Here is a glimpse to what went into Bryson Dechambeau’s Transformation!

Nick Randall

Golf Fit Pro

Published December 18, 2020

             

 

             You’d have to be living under a rock to miss how Bryson Dechambeau has transformed his body and dramatically increased his driving distance over the past 9 months. Bryson has increased his weight by around 2 stone, much of it muscle gain, and increased his average driving distance from 302 yds last season to 323 yds this season. He recently averaged a whopping 340 yds and 350 yds respectively at the recent Charles Schwab Challenge and Rocket Mortgage Classic.

Bryson has extremely open and generous with information on his methods, which seem to be focused around the following:

Strength Training – whilst Bryson hasn’t revealed his complete training program, he has eluded to a 7 day per week regime of comprehensive strength training that is focused on strength and muscle gain through medium to high rep range, machine-based exercises.

Food intake – based on reports of his daily food intake, it’s anywhere from 3500 to 4500 calories per day with a 2:1 ratio of carbs to protein.

Speed Training – hour long sessions trying to generate as much speed as possible with no focus on technique at all, simply on swinging as hard as he can.

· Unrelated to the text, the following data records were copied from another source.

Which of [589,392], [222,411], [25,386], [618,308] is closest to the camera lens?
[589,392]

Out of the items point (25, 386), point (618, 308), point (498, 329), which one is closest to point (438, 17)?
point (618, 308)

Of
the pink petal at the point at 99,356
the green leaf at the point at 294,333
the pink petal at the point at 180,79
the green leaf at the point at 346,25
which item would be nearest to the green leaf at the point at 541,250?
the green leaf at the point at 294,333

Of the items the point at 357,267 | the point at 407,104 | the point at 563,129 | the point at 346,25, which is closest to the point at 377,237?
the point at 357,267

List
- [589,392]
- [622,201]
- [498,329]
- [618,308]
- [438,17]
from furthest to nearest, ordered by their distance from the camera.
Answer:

Bryson has taken much of the traditional logic around muscle gain and it’s potentially negative effects on golf and tipped it upside down completely. In using majority machine-based exercises, he’s even torn up the free weight, explosive training script that most Strength and Conditioning coaches adhere to. Proving again that he isn’t afraid to innovate, after showing the world that golf can be played with same length irons and a completely unique golf swing.

 

So, should you try to emulate Bryson? You can try, but in my opinion it’s only safe and wise to do so if you can tick off every item on this list of pre-requisites:

–       10 hours per week for gym training

–       5 hours per week for swing speed training

–       5 hours per week for recovery (massage, mobility, hydrotherapy etc)

–       10 hours per week for practice to help adapt to your evolving body shape

–       Ability to prepare and eat 3500 – 4500 calories per day (based on 6ft male)

–       Tolerance for fat gain (yep, you’re going to put on fat along with muscle)

–       Great baseline mobility and stability

–       No existing injuries or major past injuries

–       At least 3 years of professionally guided strength training

–       Ability to accept that this might not work for you and your game might suffer

If you’re falling short on the pre-requisites (let’s face it, only full time athletes have this much time), then my recommendation would be try a more measured approach over a longer period of time that will yield less spectacular results but will dramatically reduce your risk of injury and potential decline in golf game.